Fê-los saborear um pão e um vinho transitórios, para fazer crescer neles o desejo do Seu corpo e do Seu sangue vivificantes… Atraiu-nos com coisas agradáveis ao paladar, para nos conduzir àquilo que vivifica plenamente as nossas almas. Escondeu a doçura no vinho que fez, para mostrar aos convidados que tesouro incomparável se esconde no Seu sangue vivificante. Como primeiro sinal, deu um vinho agradável aos convidados, para manifestar que o Seu sangue alegraria a todas as nações. Se o vinho intervém, com efeito, em todas as alegrias da terra, da mesma forma todas as libertações se prendem com o mistério do Seu sangue.
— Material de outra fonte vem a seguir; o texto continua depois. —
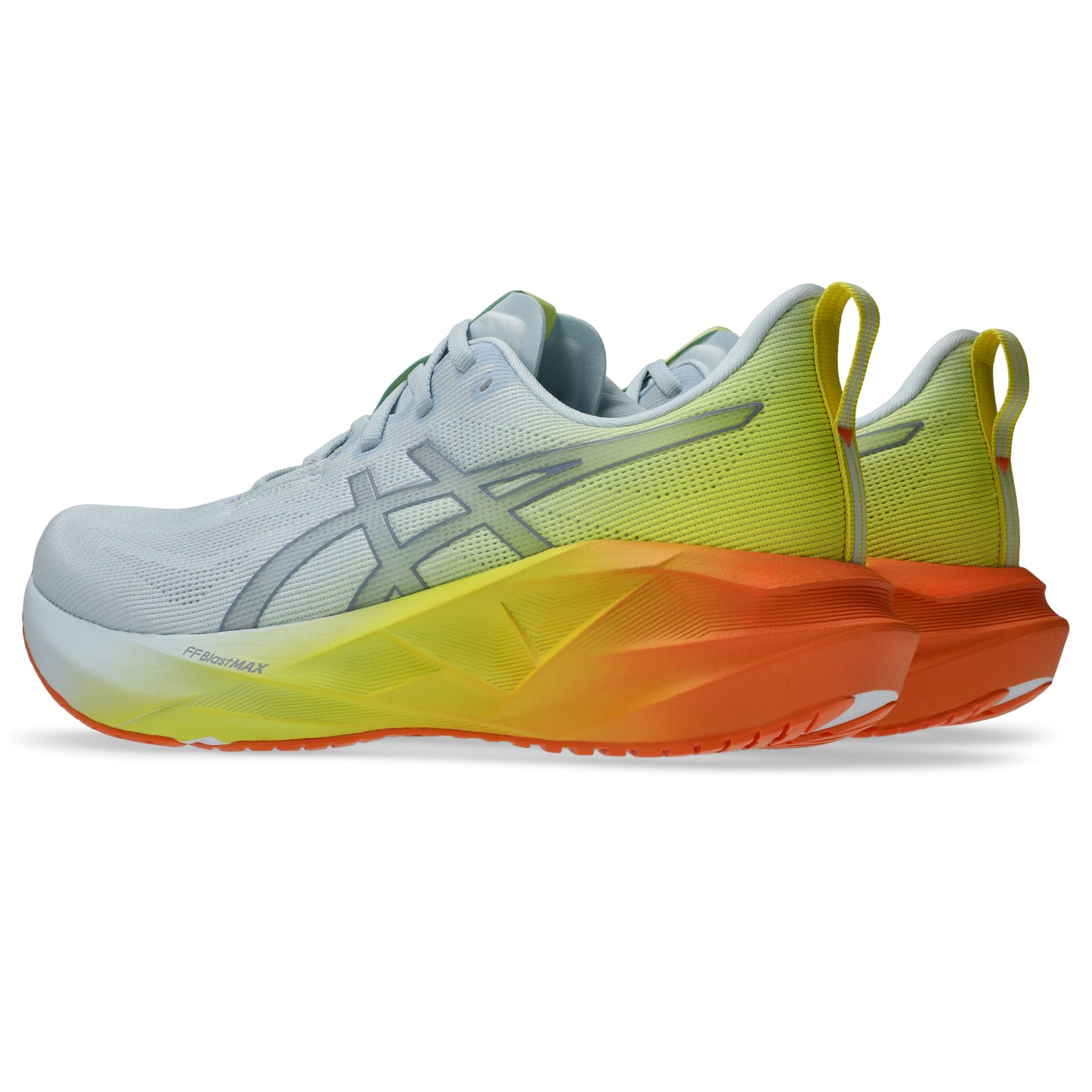 Pair of white and yellow Asics running shoes with orange accents on a white background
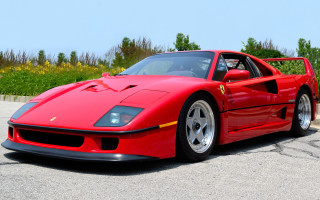 Red sports car parking lot 38 - a field of flowers and trees free wallpaper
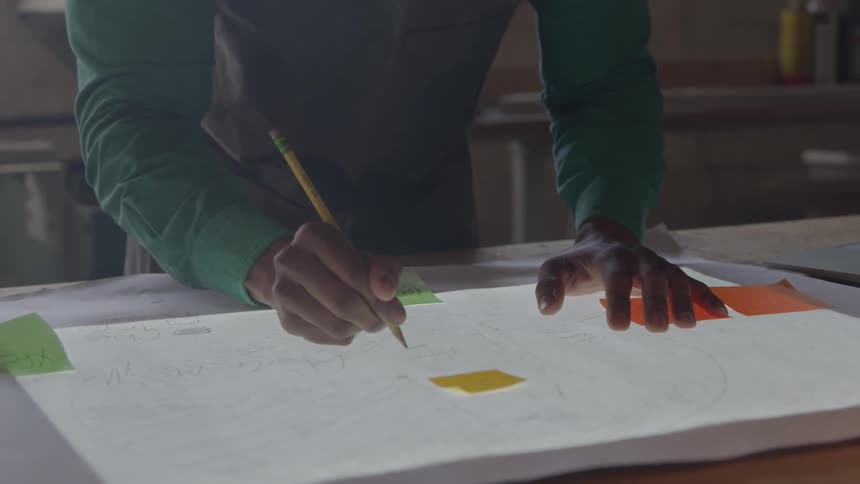 Closeup of male hands sketching on a large sheet of paper with a pencil overlaid with colorful sticky notes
Ele deu aos convidados de Caná um vinho excelente que transformou os seus espíritos, para lhes mostrar que a doutrina
de que os iria abeberar transformaria os seus corações. Este vinho, que no princípio não era senão água, foi transformado nos cântaros, símbolo dos primeiros mandamentos enviados por Ele com vista à perfeição.
A água transformada é a Lei levada ao seu cumprimento. Os convidados beberam o que tinha sido água, mas sem saborearem essa água. Do mesmo modo, quando ouvimos os antigos mandamentos, saboreamo-los, não
no seu antigo sabor, mas no novo.
Cultivemos a semente da Palavra no profundo do coração.
- Por que podemos dizer que Maria, nas Bodas de Caná teve uma presença ativa?
- Sinto que eu sou uma pessoa detalhista e que percebo as necessidades dos demais
para logo ajudar? Qual foi a última vez que o fiz?
- Que podemos propor como família para sermos mais atentos e serviçais pensando
mais cada um no outro que em si mesmo?